The Condor flight from Frankfurt to Cancun on Feb. 6 was nothing to write a safety report about. Until the coffee was served.

According to a report published Thursday from a branch of Britain’s Department for Transport, the mishap that followed disrupted the plane’s communications systems, caused a burning smell in the cockpit, prompted pilots to use oxygen and forced the flight with 326 passengers aboard to land in Shannon, Ireland. It also necessitated a new coffee-service policy.

For whatever reason, namely the size of the cup vs. the size of the cup holder, the pilot on flight DE2116 put his cup of coffee, sans lid, on a tray table.

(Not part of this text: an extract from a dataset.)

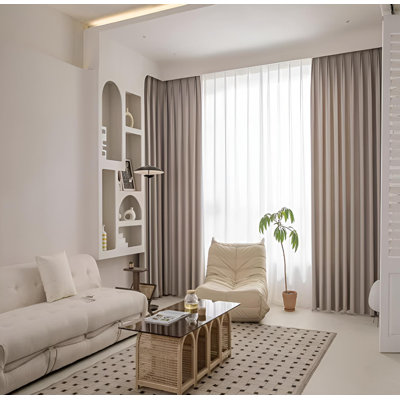 Jakevia Room Darkening Curtain Single Panel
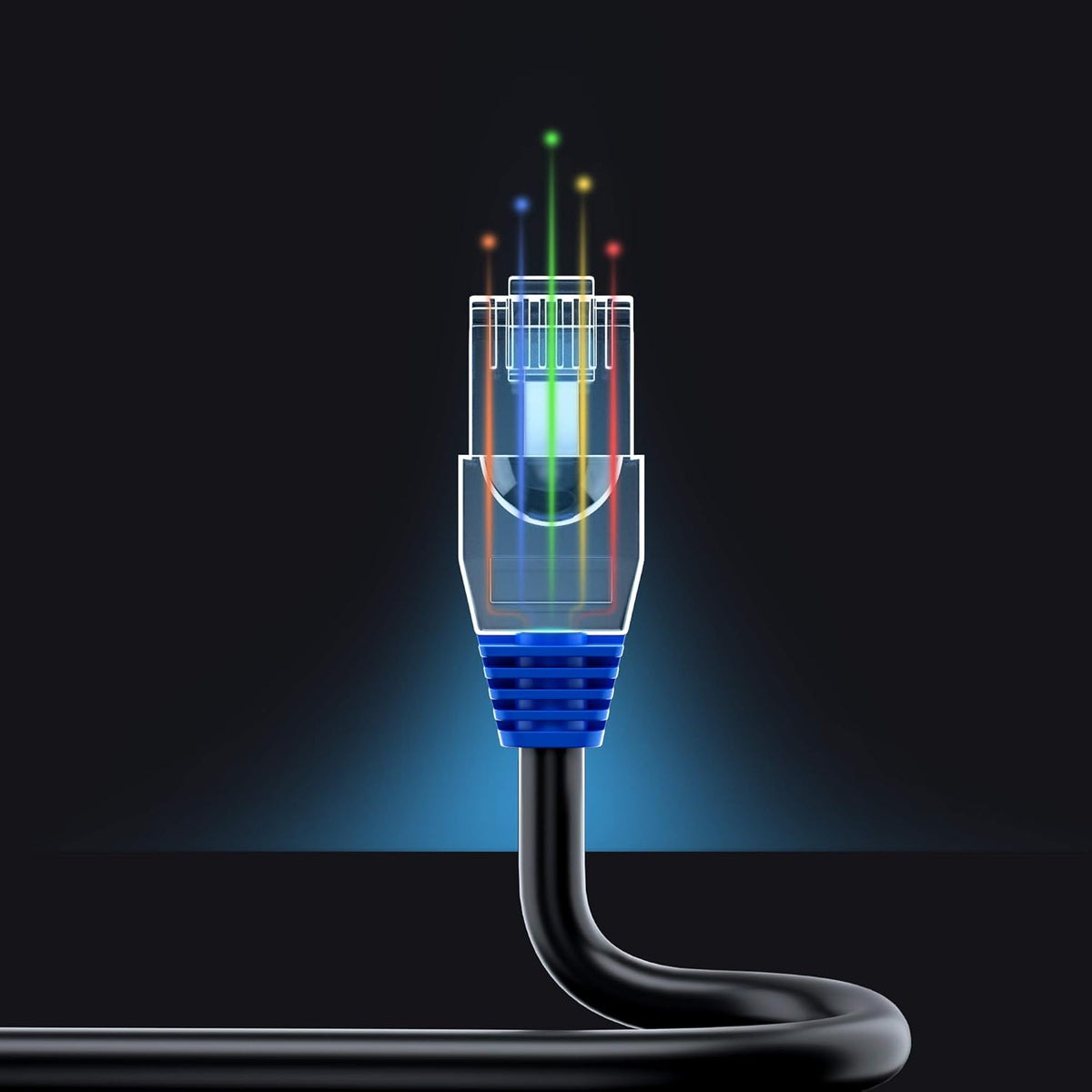 Black 150 ft Cat6 Ethernet Cable S3021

(Washington Post illustration; iStock)

“In the [Airbus] A330, flight crew were provided with a table in front of them, and it was a natural place to put a drink momentarily,” the UK’s latest Air Accidents Investigation Branch Bulletin says. “However, objects here are vulnerable to being knocked over because it is a fold-out table in a small space.” The report also notes that Airbus “highly recommends” that every item in the cockpit go in its assigned place. “Cups in the cup holders,” the bulletin quotes an Airbus manual as saying.

Around 4:20 p.m., according to the bulletin, “the cup was knocked over” while the plane was flying over the Atlantic. Most of the coffee ended up on the pilot’s lap, but a small amount spilled onto his audio control panel on the center console. Despite efforts to dry the liquid quickly, the audio unit — used to make announcements to the plane and for VHF transmissions — malfunctioned right away. By 5 p.m., it became “very hot and failed,” creating an electrical burning smell in the cockpit.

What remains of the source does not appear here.